For Copilot Chat's agent mode, squish's --agent preset wires: - AgentKV INT2 asymmetric KV compression (50% memory reduction on long contexts) - Grammar-enforced tool calling via XGrammar (prevents malformed JSON tool responses) - Semantic response cache (40–60% TTFT reduction on repeated queries in the same session) - RadixTree prefix cache (reuses shared system prompt + tool definitions across turns)

Start with the agent preset explicitly:

# Agent preset is auto-enabled on Apple Silicon when you run squish run
# To set it manually:
squish run qwen3:8b --agent

Then configure VS Code to use the local endpoint as shown above.

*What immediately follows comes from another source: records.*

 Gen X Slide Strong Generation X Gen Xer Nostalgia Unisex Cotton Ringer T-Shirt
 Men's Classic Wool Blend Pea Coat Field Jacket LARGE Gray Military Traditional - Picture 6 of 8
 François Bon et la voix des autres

The macOS menu bar app (apps/macos/SquishBar) handles the server lifecycle so you don't need a terminal open.

Build¶

cd apps/macos/SquishBar
swift build -c release
.build/release/SquishBar

Or open Package.swift in Xcode and Run (⌘R).

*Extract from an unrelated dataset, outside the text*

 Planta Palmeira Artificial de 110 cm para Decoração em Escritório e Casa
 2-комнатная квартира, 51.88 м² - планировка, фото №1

The menu bar icon turns green when the server is running and shows live tok/s in the title. Click to: - Start/stop the server - Select the active model
- Open the web chat UI - Copy the API URL to clipboard (for pasting into Continue, VS Code, or any OpenAI client)

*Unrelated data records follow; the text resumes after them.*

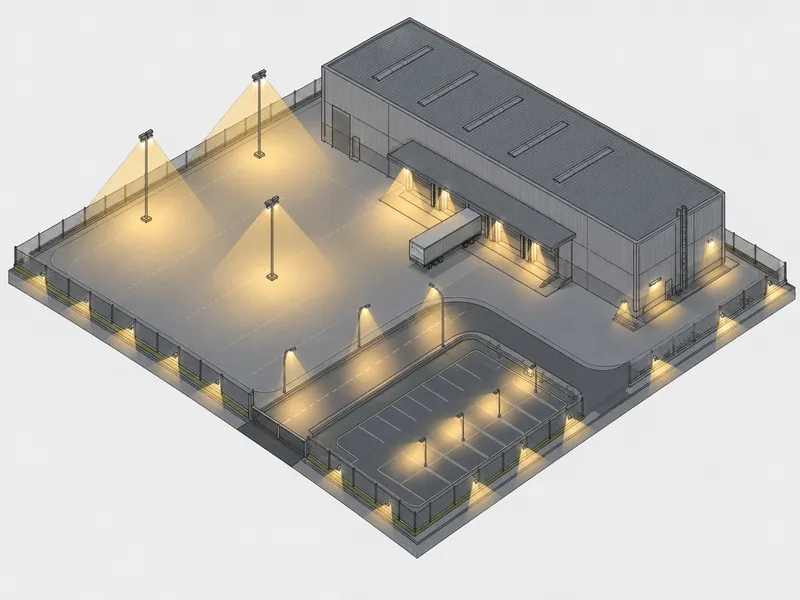 Diagrama isométrico de las zonas exteriores de una nave industrial: patio de maniobras, vialidad interna, andén, estacionamiento y perímetro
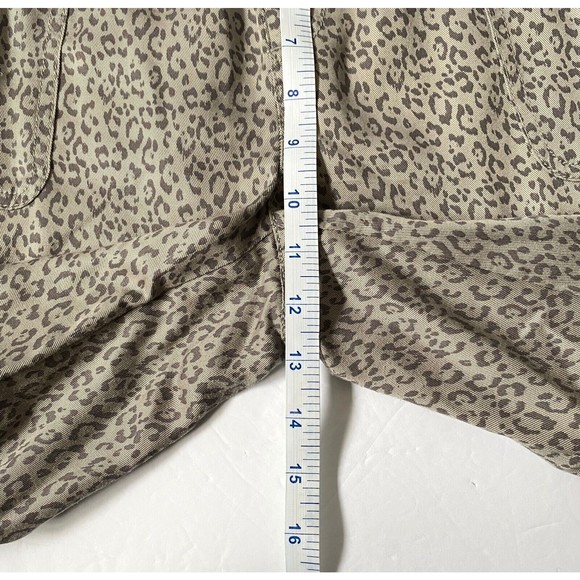 Nicole Miller CUT OFF Hem Jogger Pants Medium Taupe Animal Print Lyocell READ - Picture 11 of 16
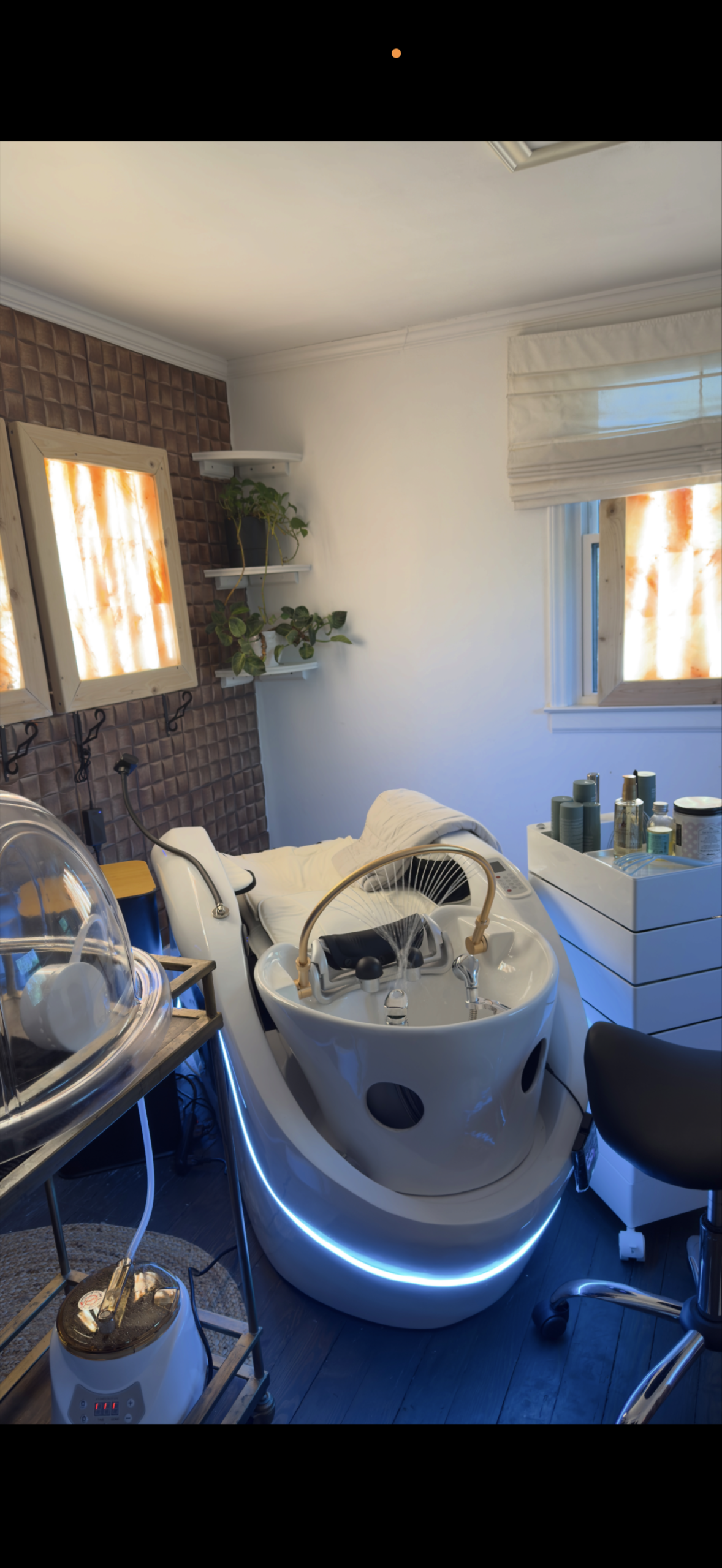 Salt therapy room benefits at Sanctuary Salon and Head Spa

Set squish.autoStart = true to have it start the server automatically when your Mac wakes.

Recommended Model by Use Case¶

Use case	Recommended model	RAM needed	Typical speed
Inline autocomplete	`qwen3:4b`	8 GB	35–50 tok/s
Chat / question answering	`qwen3:8b`	16 GB	14–22 tok/s
Code generation + review	`qwen3:14b`	24 GB	8–14 tok/s
Chain-of-thought reasoning	`deepseek-r1:7b`	16 GB	14–18 tok/s
Ultra-low RAM (< 8 GB)	`smollm2:1.7b`	4 GB	60–90 tok/s

Pull any model with:

squish pull qwen3:8b       # ~4.4 GB download (pre-squished from HuggingFace)
squish pull deepseek-r1:7b # ~3.9 GB download

Troubleshooting¶

Server won't start¶

squish doctor      # checks all dependencies
squish doctor --report  # saves shareable JSON snapshot to ~/.squish/

Continue can't connect¶

Verify the server is running: curl http://localhost:11435/health
Check apiBase ends in /v1 (not /v1/)
Restart VS Code after editing ~/.continue/config.json

Slow first response (TTFT)¶

The first request after load includes model initialization. Subsequent requests are faster as the RadixTree prefix cache warms up. The --agent preset enables the Semantic Response Cache, which reduces TTFT by 40–60% on similar follow-up queries.

Model selector shows nothing¶

The extension polls /v1/models. If the server is starting up, wait ~3 seconds and try again. Run Squish: Select Model again from Ctrl+Shift+P.

Development: Extension Tests¶

cd extensions/vscode/squish-vscode
npm install
npm test          # runs 26 Jest tests in <5 seconds, no server required

All tests mock the HTTP layer, so no live squish server is needed for CI.